**PROMPT**
Transcribe, word for word, every line from the one containing "2 Bedroom Flat" through the final line of the records, and omit the pictures.

(RECORDS TO USE begins)

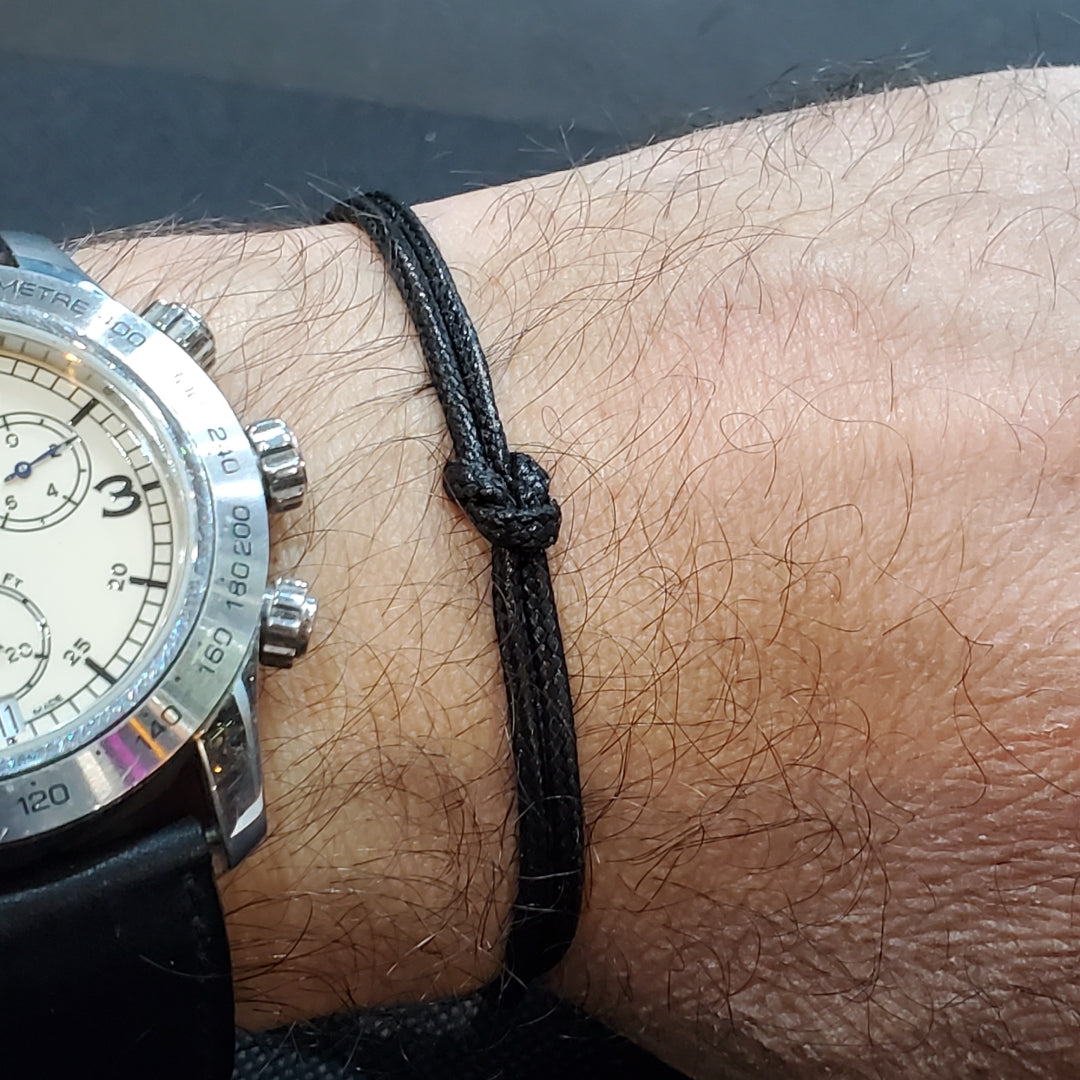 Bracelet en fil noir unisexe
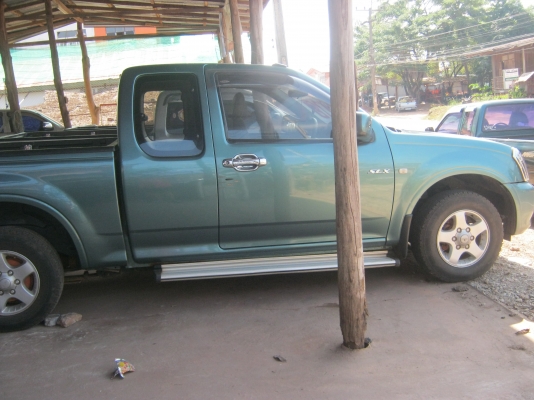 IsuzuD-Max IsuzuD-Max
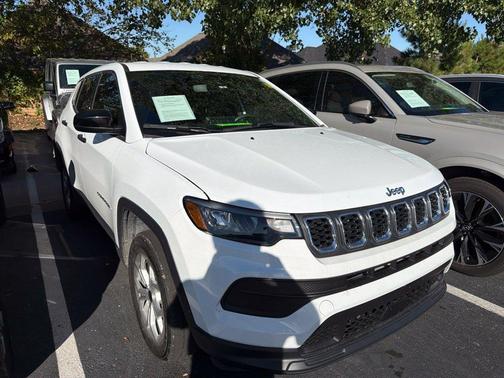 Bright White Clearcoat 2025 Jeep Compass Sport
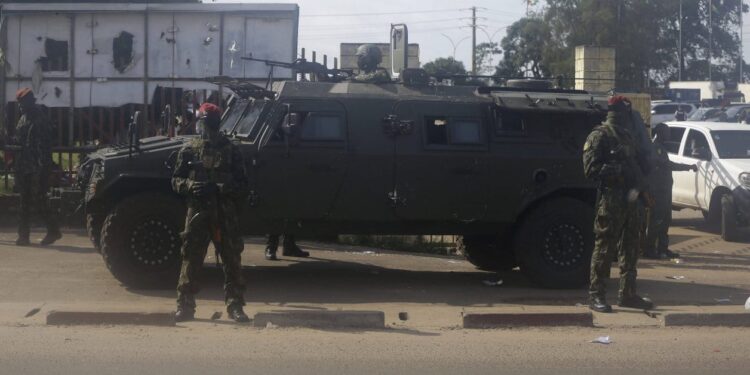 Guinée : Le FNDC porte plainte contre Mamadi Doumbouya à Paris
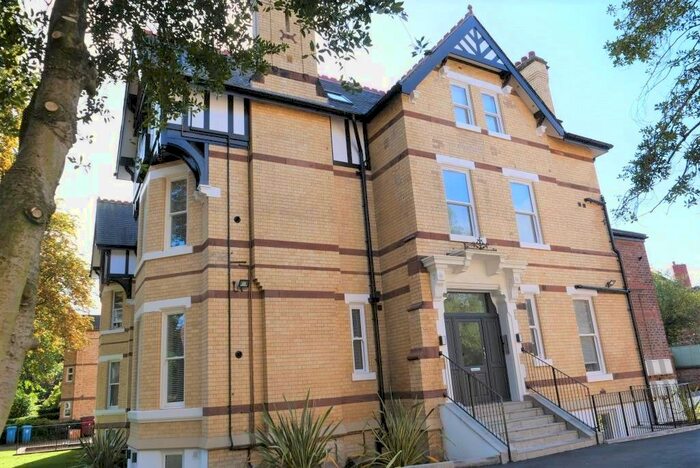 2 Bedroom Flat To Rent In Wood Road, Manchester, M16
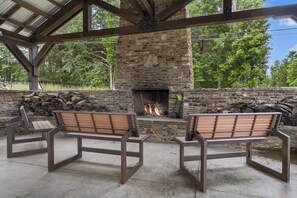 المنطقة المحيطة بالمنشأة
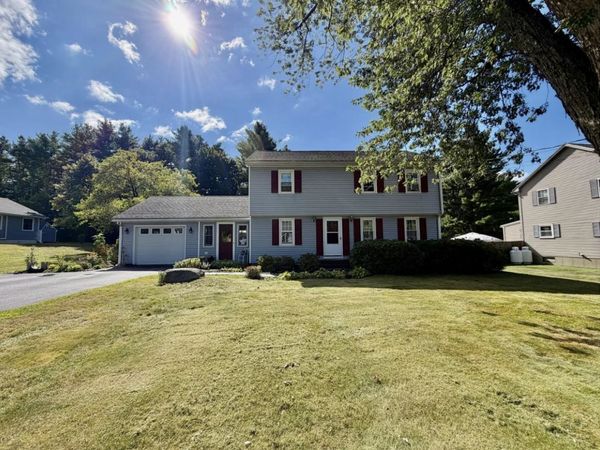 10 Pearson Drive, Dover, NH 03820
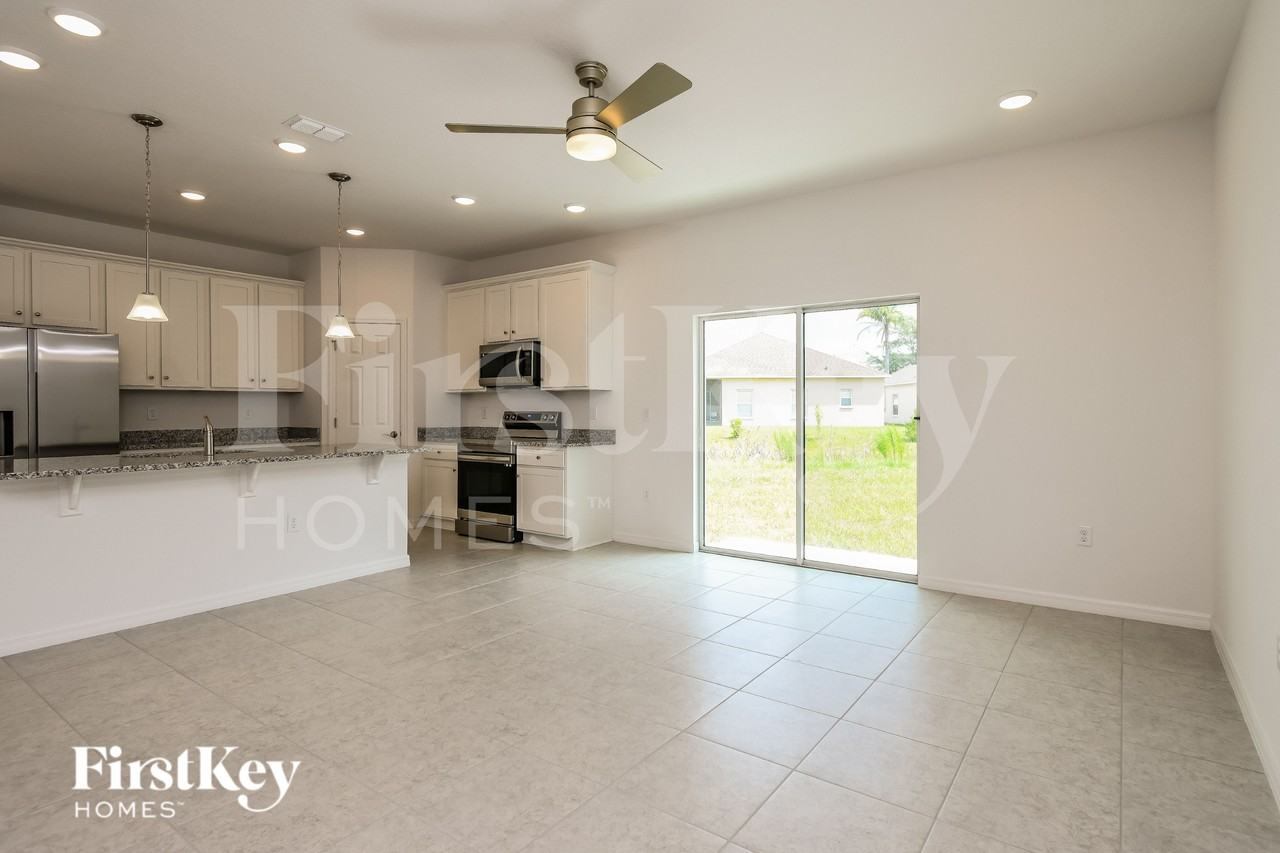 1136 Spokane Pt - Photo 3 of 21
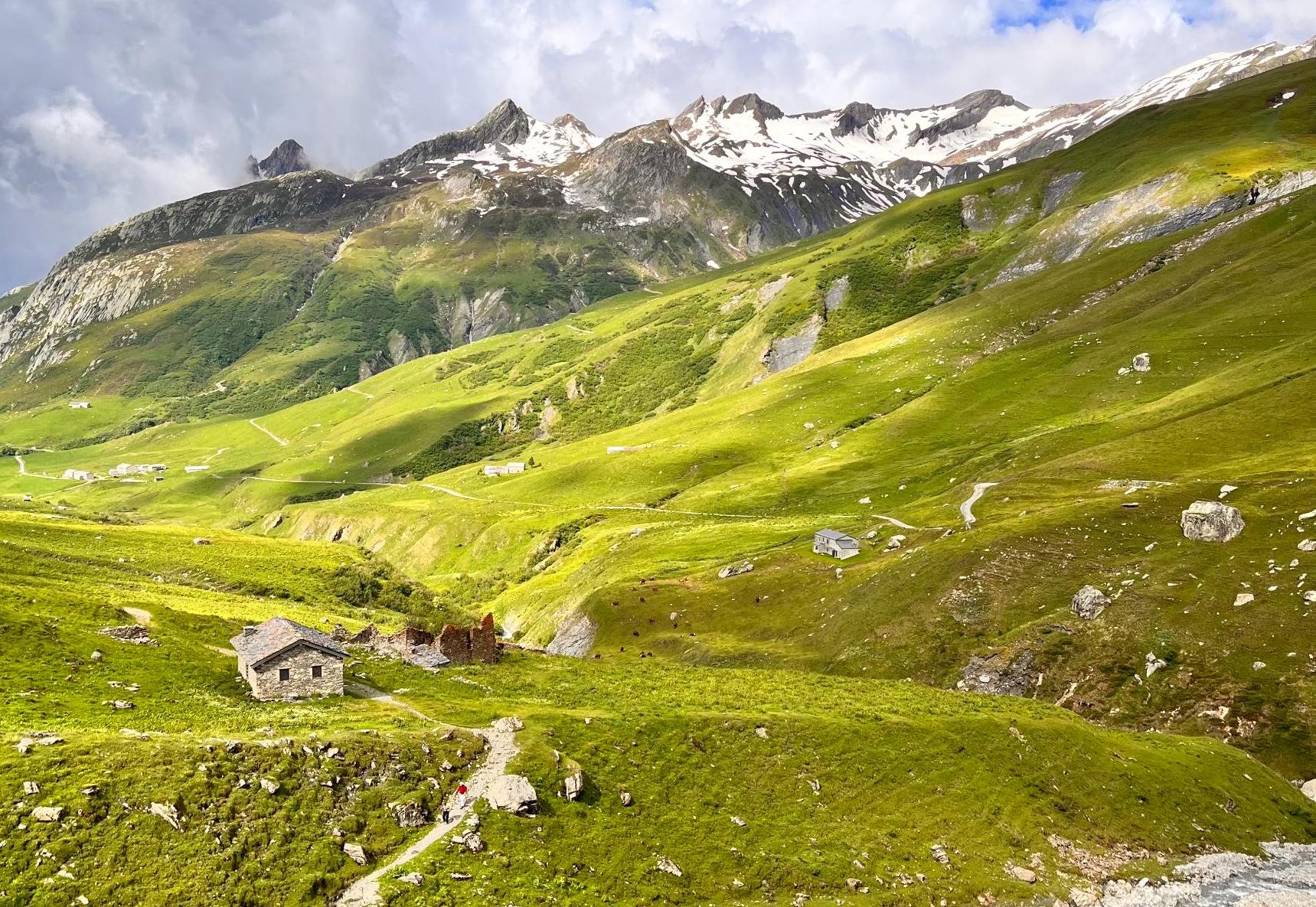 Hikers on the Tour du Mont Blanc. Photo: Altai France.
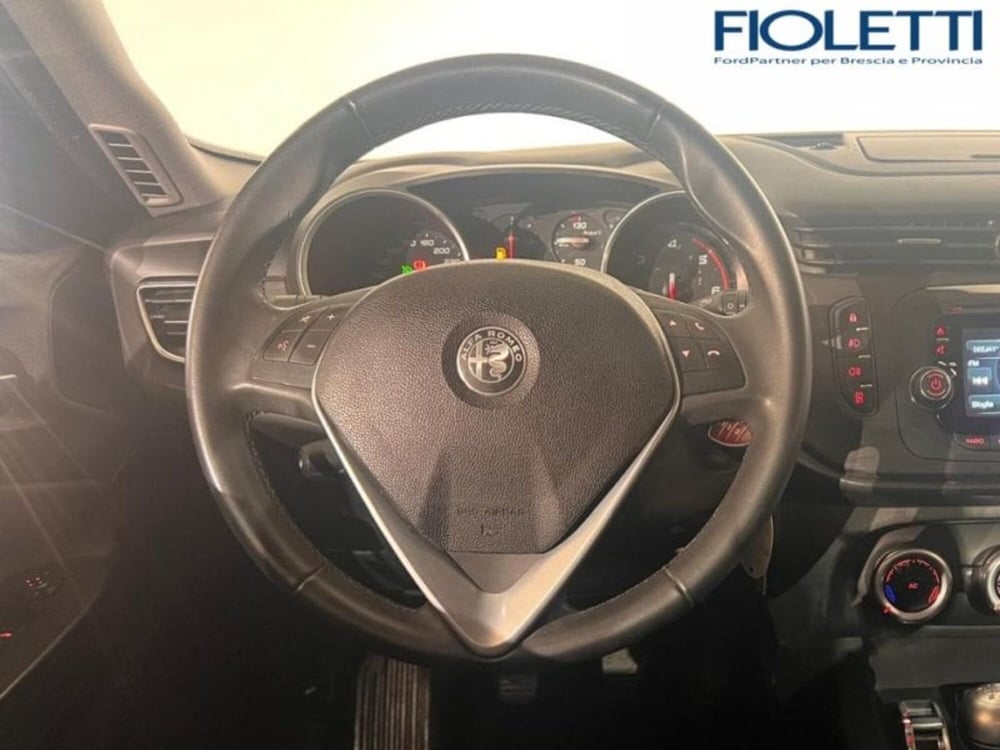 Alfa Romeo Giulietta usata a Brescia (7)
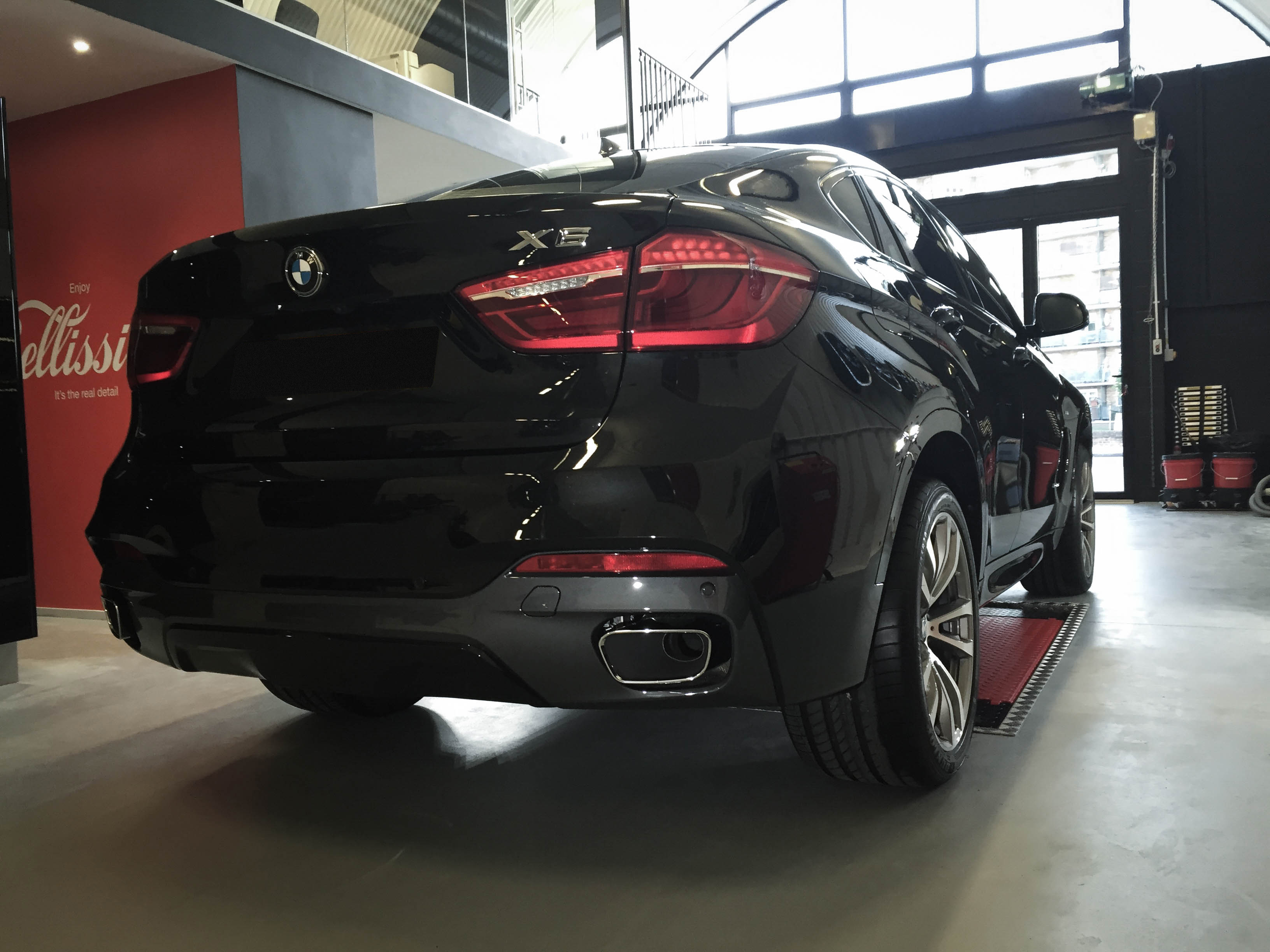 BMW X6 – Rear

(RECORDS TO USE ends)

**REPLY TO THE TASK**
 2 Bedroom Flat To Rent In Wood Road, Manchester, M16
 المنطقة المحيطة بالمنشأة
 10 Pearson Drive, Dover, NH 03820
 1136 Spokane Pt - Photo 3 of 21
 Hikers on the Tour du Mont Blanc. Photo: Altai France.
 Alfa Romeo Giulietta usata a Brescia (7)
 BMW X6 – Rear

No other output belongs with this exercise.